When I attended DC Fit a couple weeks ago I ran into Marina the founder of Get Lean Life LLC. She had conducted a nutrition workshop at Roam Fitness many months prior. My running into her was serendipitous as I’ve been dealing with the remnants of this foot injury. As much as I tried to stay on top of my fitness and nutrition habits, I let being injured hamper my efforts.
After listening to her nutrition panel I caught up with her and said I could use her guidance (ok, I may have made a pleading sound and puppy dog eyes). In any event she gave me some supporting words, telling me my fitness base was strong and to focus on how I am fueling myself (not diet!!) After a follow up via email she offered her “12 Weeks to Fabulous” program to get me started. I agreed to give it a try and will work through the first 2 weeks of the program, evaluate and review here. After reading through the initial documentation of the plan I am actually pretty encouraged.
The food listing was familiar as I could point to most of the items in my refrigerator right now. Things like lean ground turkey, fish, and chicken breasts, a variety of veggies, and fruits. I’m a huge green veggie eater and just rediscovered brussel sprouts (my 6 year old self is like, what?) I gave up ”white” carbs many years ago and enjoy my brown rice, quinoa, and wheat tortillas.

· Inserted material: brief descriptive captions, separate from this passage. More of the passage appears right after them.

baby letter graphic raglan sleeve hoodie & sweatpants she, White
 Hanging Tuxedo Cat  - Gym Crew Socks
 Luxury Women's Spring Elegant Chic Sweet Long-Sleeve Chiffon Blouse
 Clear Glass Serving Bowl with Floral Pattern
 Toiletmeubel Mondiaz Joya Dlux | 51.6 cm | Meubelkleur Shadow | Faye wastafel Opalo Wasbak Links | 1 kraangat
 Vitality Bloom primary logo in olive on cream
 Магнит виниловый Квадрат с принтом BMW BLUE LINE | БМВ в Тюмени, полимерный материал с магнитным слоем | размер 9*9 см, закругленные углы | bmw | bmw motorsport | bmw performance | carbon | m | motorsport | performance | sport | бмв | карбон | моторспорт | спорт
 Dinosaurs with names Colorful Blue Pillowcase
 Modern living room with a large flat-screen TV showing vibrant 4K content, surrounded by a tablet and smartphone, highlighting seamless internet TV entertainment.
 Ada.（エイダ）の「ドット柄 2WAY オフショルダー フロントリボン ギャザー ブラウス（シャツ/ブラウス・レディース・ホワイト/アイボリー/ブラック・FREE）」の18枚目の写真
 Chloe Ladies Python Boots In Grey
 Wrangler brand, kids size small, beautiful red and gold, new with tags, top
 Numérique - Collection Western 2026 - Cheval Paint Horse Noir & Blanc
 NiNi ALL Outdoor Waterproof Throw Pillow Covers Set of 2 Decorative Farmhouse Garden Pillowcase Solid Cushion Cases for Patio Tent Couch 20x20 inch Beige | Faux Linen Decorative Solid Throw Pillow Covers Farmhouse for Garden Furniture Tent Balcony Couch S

Ok, so then what’s the problem Mar?! Well, while in general the foods I eat are relatively healthy, as a runner and fitness enthusiast I struggle with consistency (and probably sugar and you might as well throw coffee and portion size in their too). I *know* what I should do but during my sedentary phase I feel like I lost the ”how to” and motivation with nothing to train for (and added several pounds!)
The idea in “12 Weeks to Fabulous” really is to not eat processed or refined foods. She suggests reducing sugar and sodium intake, eat consistently to fuel your body not deprive it (she recommends every 3 hours), drink plenty of water (she suggests a gallon a day), and portion control. Where I will need to improvise is “healthy fats” as she lists many nuts, coconut, and avocado – all of which I’m allergic to. The packet contains shopping lists, sample meals and a checklist for each day which will help me stay accountable the next couple of weeks, on top of my personal training sessions.
Day 1 begins today and as I mentioned I will follow up with a full review of the program in a couple of weeks. I’m feeling pretty good getting back into the swing of workouts - I just need this nutrition push to follow. I’m coming for you Pittsburgh, as healthy and strong as possible!